Detailed Description
The present invention will be described in further detail with reference to examples, but embodiments of the present invention are not limited thereto.
It is apparent that the described embodiments are only some embodiments of the present invention, not all embodiments, and that all other embodiments obtained by persons of ordinary skill in the art without making creative efforts based on the embodiments in the present invention are within the protection scope of the present invention.
In order to avoid redundancy of application text, the present invention is described by taking Erythrobacter pelagi bacteria of the genus gibberellic, family gibberellic as an example. It is a bacterium capable of producing carotenoids isolated from the intestinal tract of Chlamys nobilis "Nana golden scallop". The bacteria are orange, aerobic, rod-shaped gram-negative bacteria. Based on 16S rRNA and phylogenetic analysis, the sequence similarity of the strain and the 16S rRNA gene of Erythrobacter pelagi UST081027-248 is 99.2%.

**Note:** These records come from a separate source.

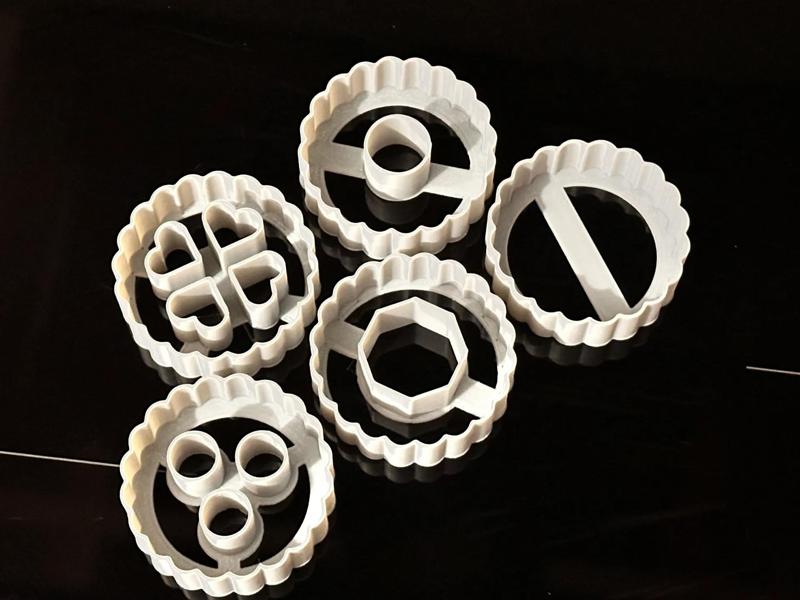 Linzer Augen Cookie Cutters (Linzeraugen Keksausstecher)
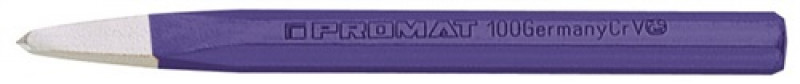 Fliesenmeißel Schaft-Q.8mm 100mm CV-Stahl PROMAT Fliesenmeißel Schaft-Q.8mm 100mm CV-Stahl PROMAT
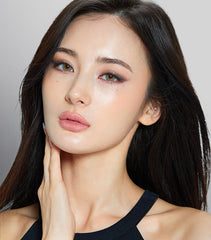 OLENS 1-Day Ocean Velvet Gray Contact Lenses (10 Pack)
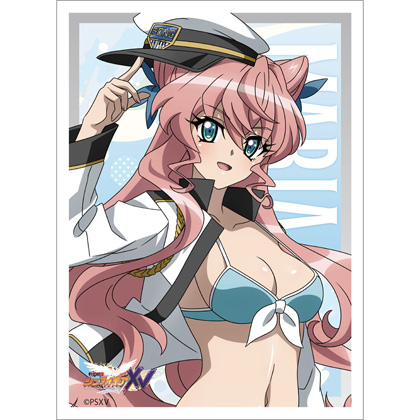カーテン魂より『戦姫絶唱シンフォギアXV』のスリーブが登場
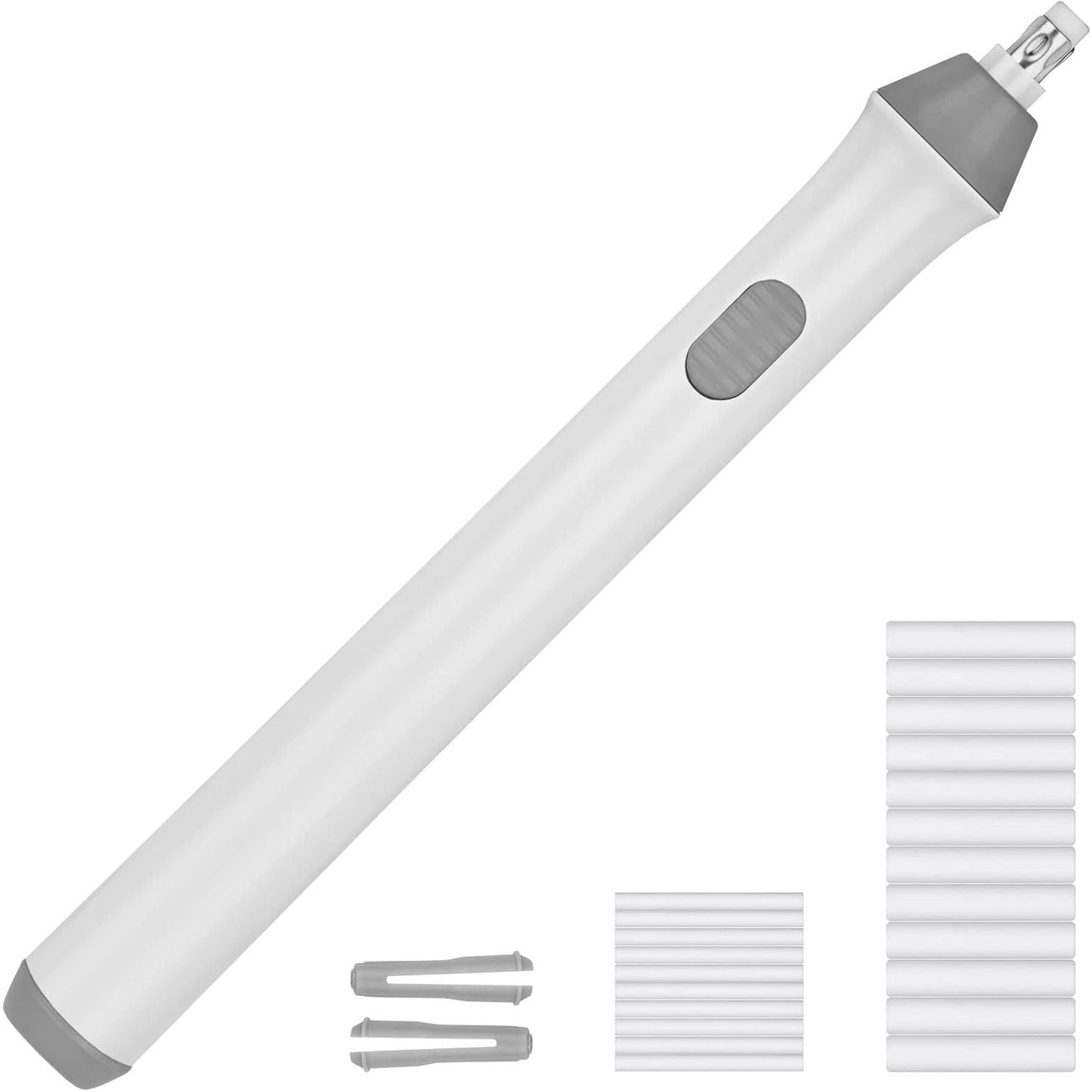 Radiera Electrica, pentru Schite si Arta, Grosime Varf 3 mm/5 mm, Baterii 2 x AA, din ABS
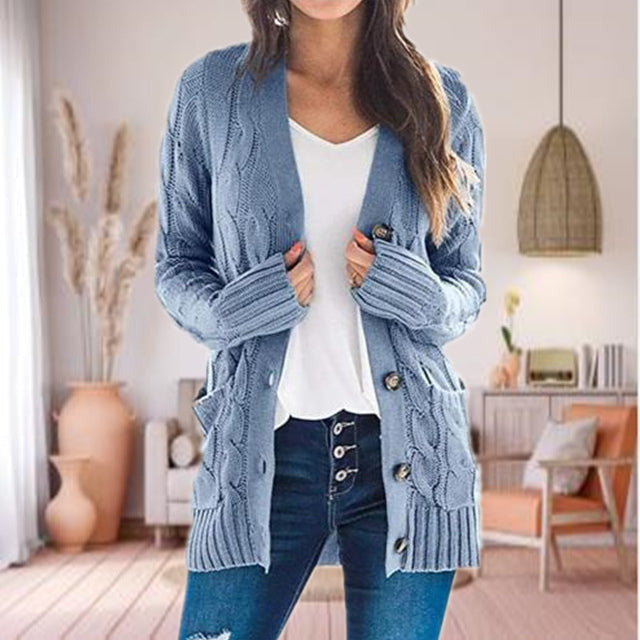 Gestrickte Damen-Cardigan | Clara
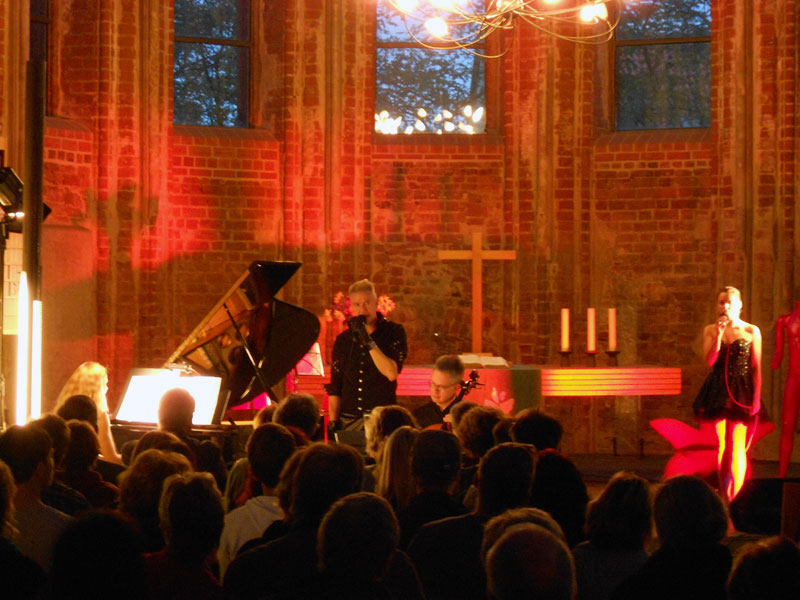 Songs Of Lemuria 2013 in der Stadtpfarrkirche in Müncheberg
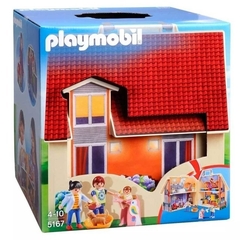 Casa de Muñecas Maletín 129 piezas Playmobil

Those skilled in the art know that similar experimental results are obtained using other bacteria capable of producing carotenoids.
Example 1: at 25 ℃, the invention is adopted to measure the total carotenoid content of E.pelargi bacterial liquid
Time: 2021, 5, 6, location: university of Shanzhi.
The operation steps are as follows:
quick determination of E.pelagi bacterial liquid concentration: bacterial liquid concentration (in/mL) was obtained by plate colony counting. Serial dilutions of bacterial solutions were made into 6 bacterial solutions of different concentrations. The optical density values measured at the wavelength of ultraviolet spectrophotometer λ=600 nm were 0.037, 0.057, 0.102, 0.262, 0.399, 0.619. Their corresponding plate colonies were counted (. Times.10) 6 and/mL) results were 21, 40, 45, 170, 290, 550. Drawing a standard curve by taking the optical density value of the bacterial liquid as X and the counting result of the plate colony as Y, and establishing a linear regression equation: y= 889.25X-32.754 (R 2 =0.9808)。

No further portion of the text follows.